強く効果のあるアクションを考え出そうと取り組むうちに、どんどん学べる楽しい講座でした。
【3日目】海の生物のふしぎ〜魚と貝の解剖(小学4・5・6年生対象)
(1)海の環境や生態系についての学習
 長い年月を経て多種多様な生物が育まれてきた海の環境や生態系について学びます。そして、私たちの食生活を支える魚介類についての理解を深めました。

(2)魚や貝の解剖
①カタクチイワシ(煮干し)の解剖
 まず、カタクチイワシの生態や、人間がどのような形で利用しているかを学びました。そして、5〜6人の班に分かれ、解剖シートを見ながら、ひとつひとつ順番に「脳」や「心臓」などの細かいパーツを取り出していきました。
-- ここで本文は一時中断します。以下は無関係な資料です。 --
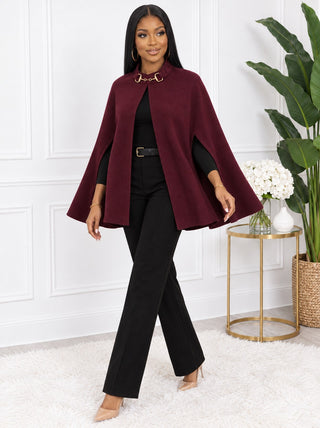 Model walking in the burgundy cape with one arm through the side arm slit, showing the A-line swing shape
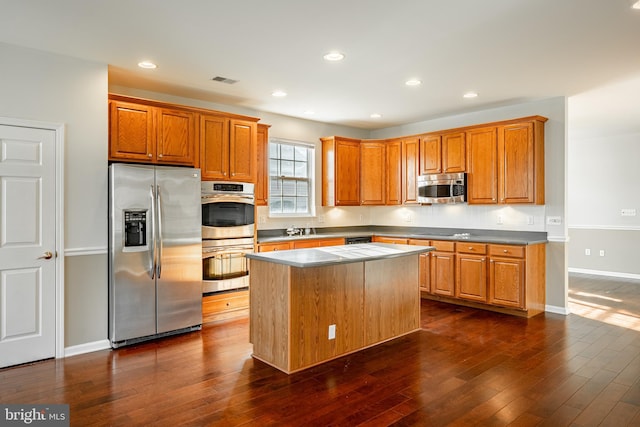 kitchen with appliances with stainless steel finishes, a center island, dark wood-type flooring, and sink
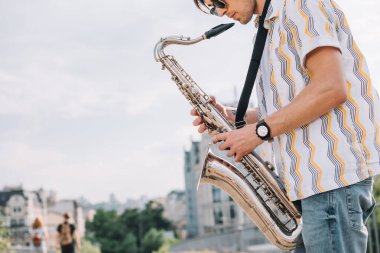Young hipster man with saxophone performing on street clipart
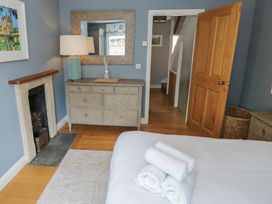 A bedroom with a bed and dresser at Tea Tree Cottage in Chipping Campden
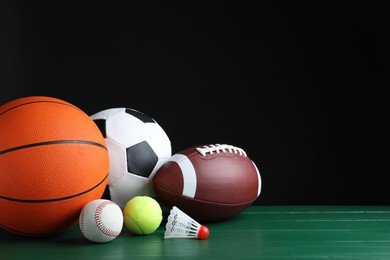 Set of different sport balls and shuttlecock on green wooden surface. Space for text Photo of Set of different sport balls and shuttlecock on green wooden surface. Space for text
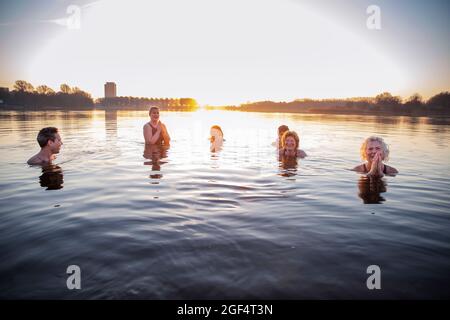 Souriantes femmes méditant tout en s'amusant avec des amis masculins dans l'eau Banque D'Images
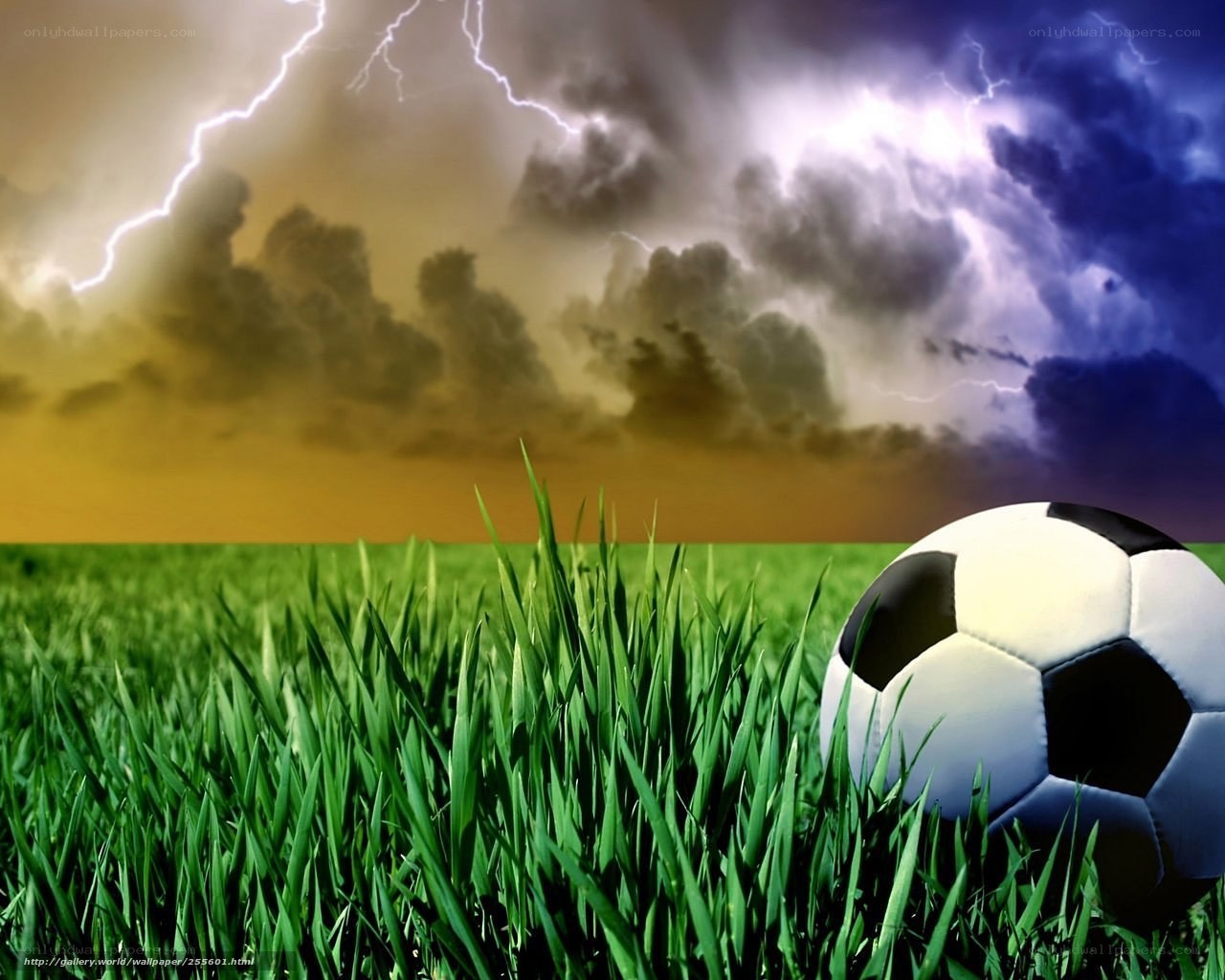 Soccer ball on stormy field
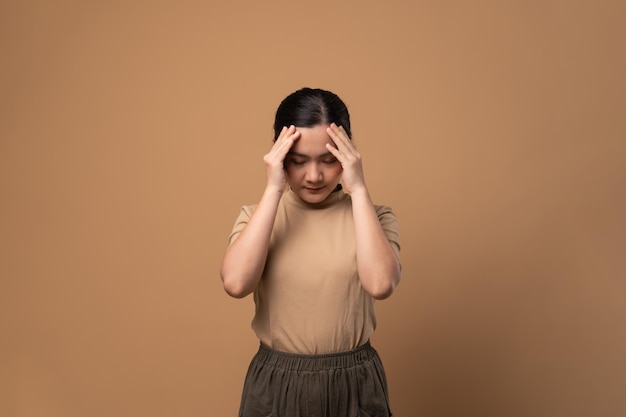 Aziatische vrouw was ziek van hoofdpijn die haar hoofd aanraakte en geïsoleerd stond op een beige achtergrond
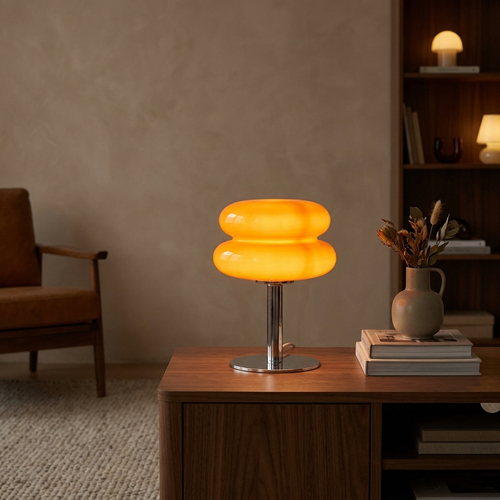 Mid-century glass table lamp with orange glass shade glowing in a cozy living room
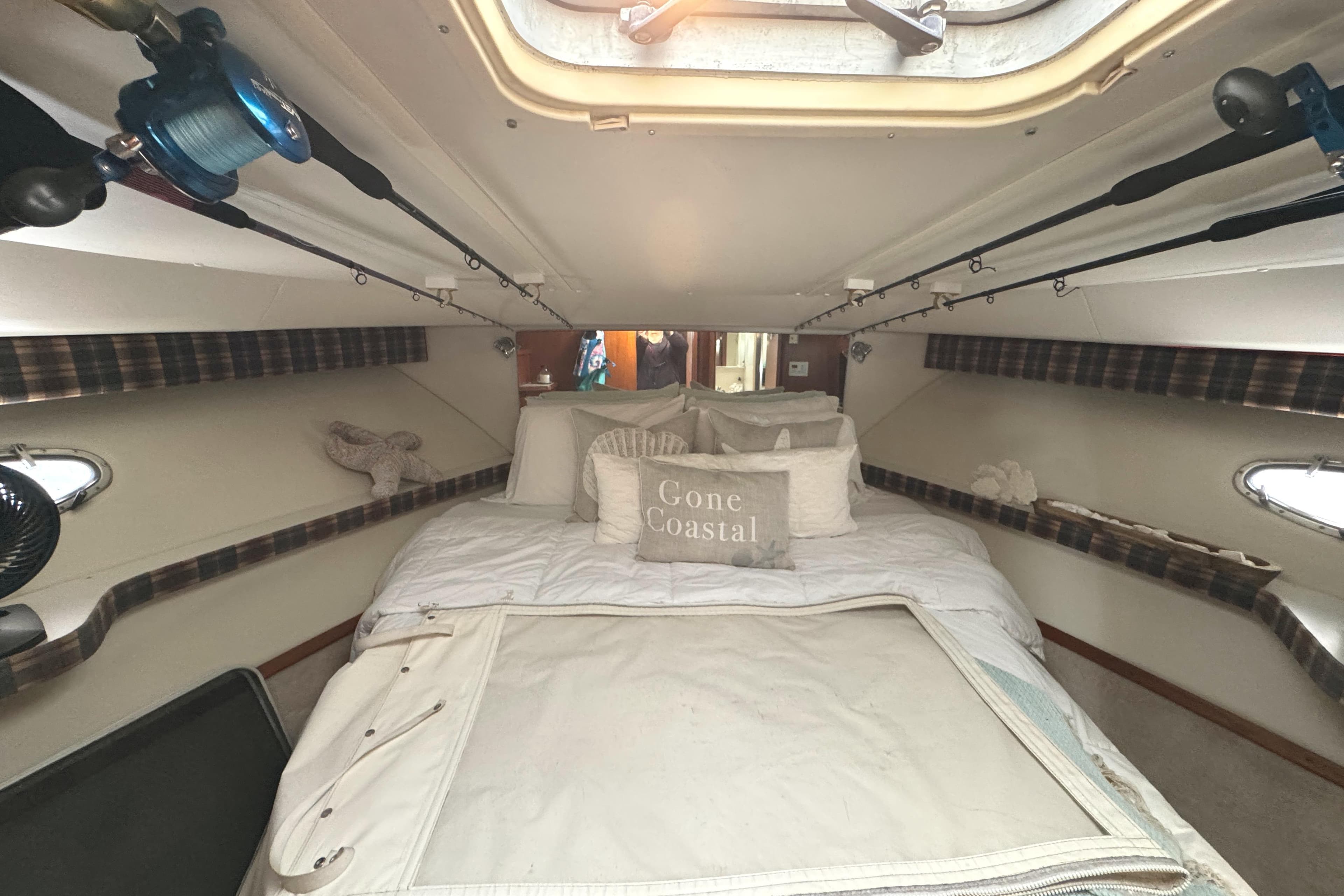 Cozy cabin interior of 1998 Tiara Yachts 4100 Open with plush bedding and fishing rods.
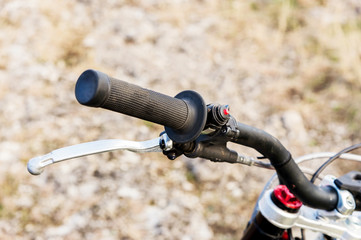 Close-up of the rudder handle handle of a trial motorcycle with brake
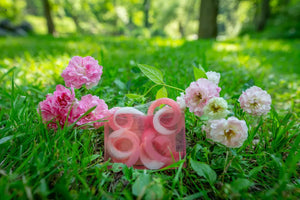 Pink and white spiral soap slice in clear packaging surrounded by grass and pink roses.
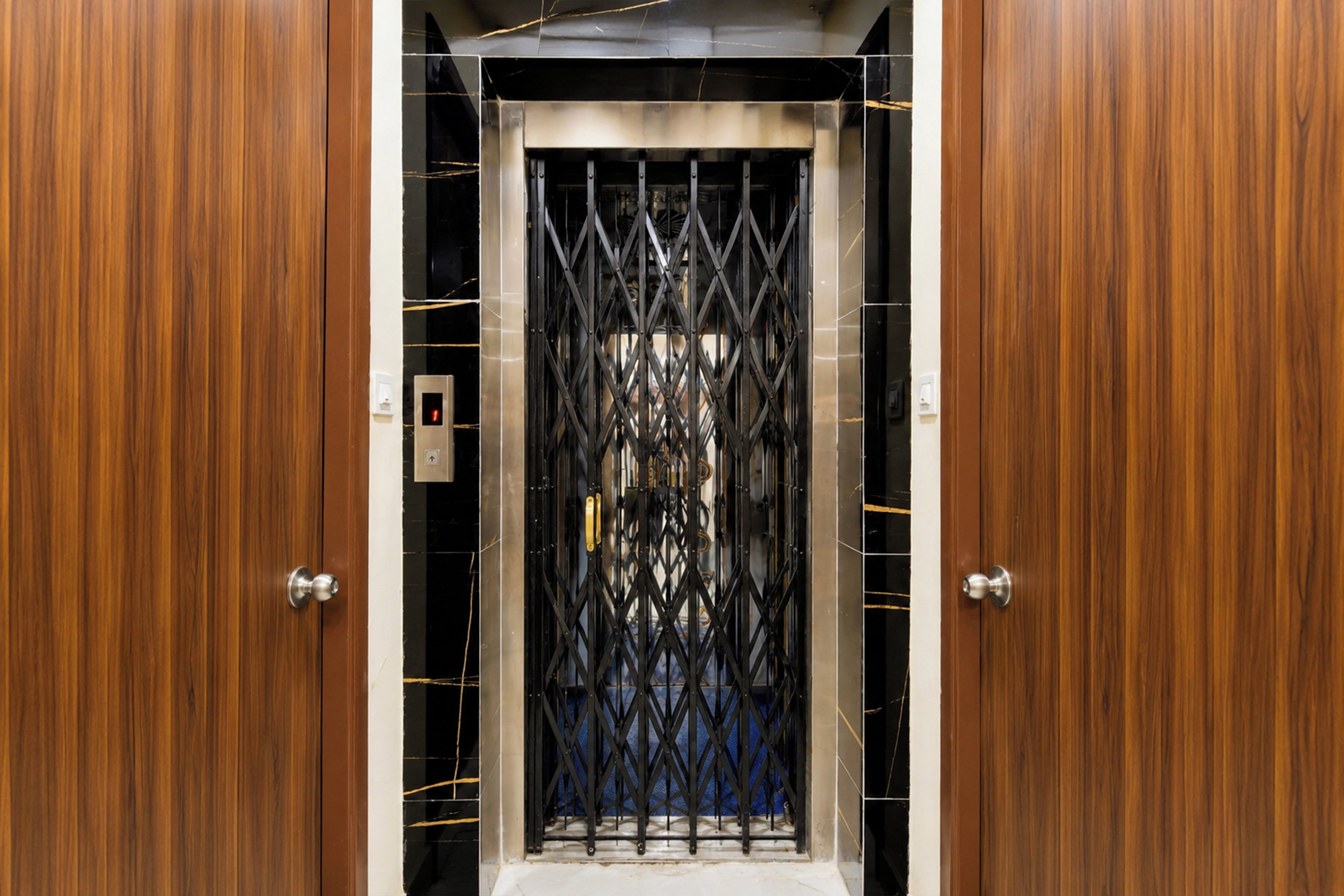 An elevator with a metal gate and wooden doors.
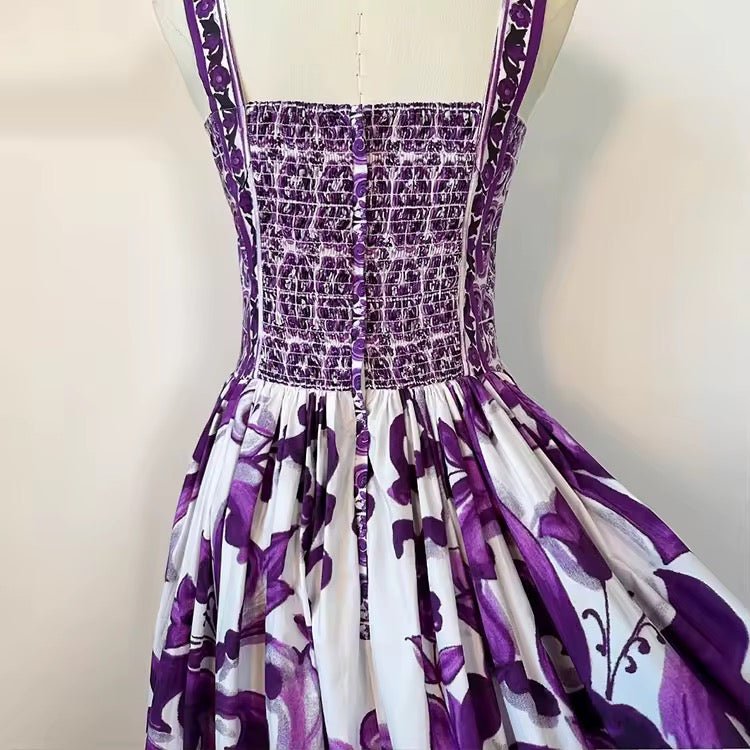 Purple floral smocked sundress with elegant buttons, crafted from lightweight fabric for summer styles.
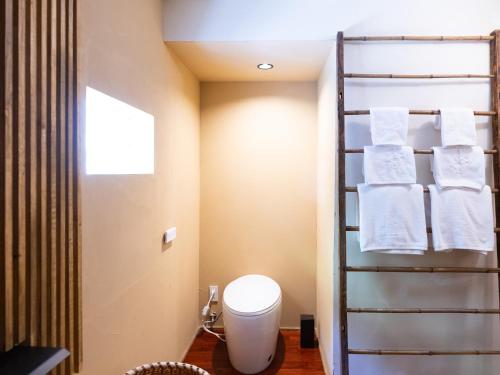 a bathroom with a toilet and towels on a towel rack at LA TERRA narai in Shiojiri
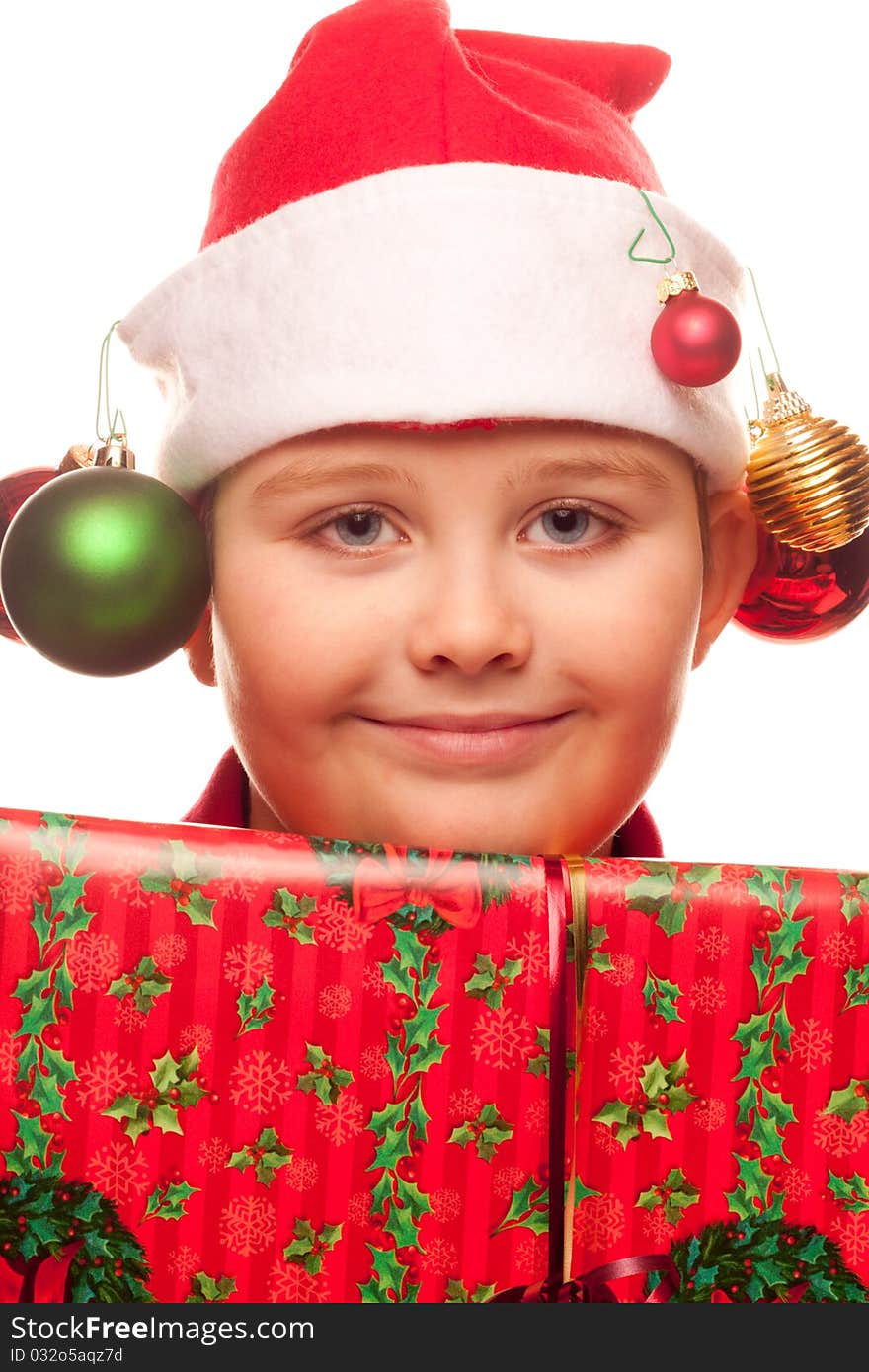 Christmas boy with a santa hat and ornaments. Christmas boy with a santa hat and ornaments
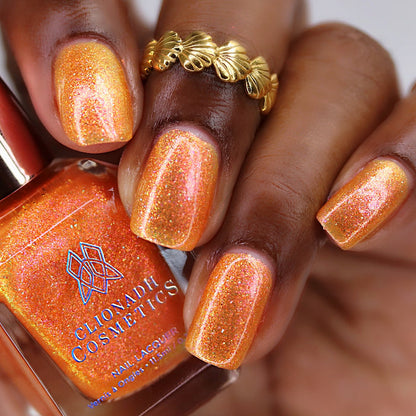 Close-up of nails painted with Yuzu Limonada Nail Lacquer on deep skin tone. Hand is holding polish bottle.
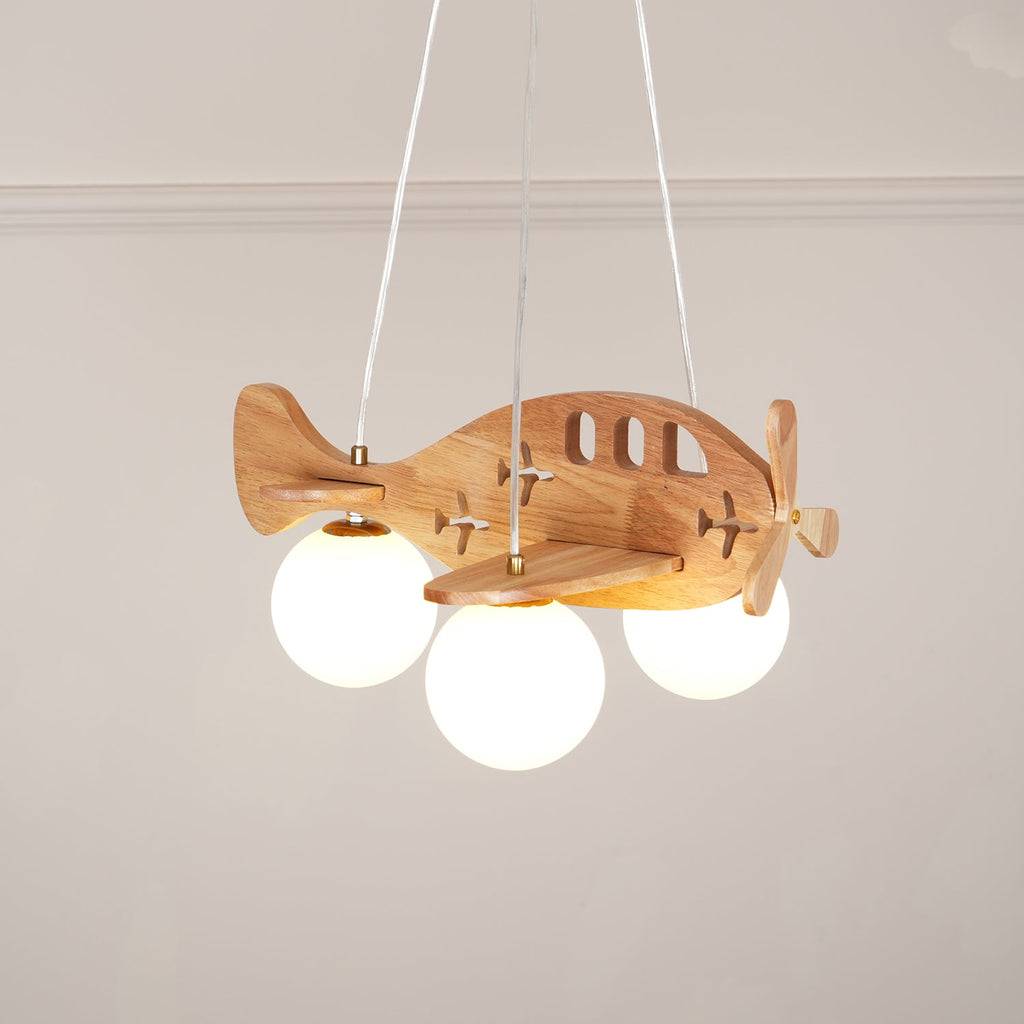 Low-angle view of the Clérachic airplane light under a plain ceiling with a ribbed cornice, its three globes lit and its wood grain visible.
特に「さいは」や「えら」は、人間にはなく、魚の特徴的な器官なので、虫眼鏡でじっくり観察しました。

②アサリの水質浄化実験
 アサリは水をきれいにする働きがあると言われています。それを確かめるためにアサリを色水に入れて一日置き、アサリを入れていないものと比較しました。その結果、アサリの入っていた方はだいぶ色が薄くなったことがわかります。つまり、川と海をつなぐ干潟に棲むアサリは川の水をきれいにしているということです。子供たちはその働きを実際に見て、感動の声をあげていました。

③アサリの解剖
 解剖図を見ながら、それぞれの器官の説明を講師から聞き、ゆっくりとていねいに解剖していきます。アサリは柔らかくて扱いにくく、解剖は細かい作業であるため、四苦八苦する場面もありました。特に、直径が1mmにも満たない消化管を取り出す作業はたいへん。それでも、最後まで集中して、根気よく取り組んでいました。

(3)まとめ
 解剖を通して分かった、人間とカタクチイワシやアサリ、またカタクチイワシとアサリの相違点を皆が発表。それぞれの生き物がそれぞれの形で私たちの生活の役に立ってくれていることを認識しました。また、世界の水産資源の危機的な状況について説明し、食生活を見直してみることを促して、講座は終了しました。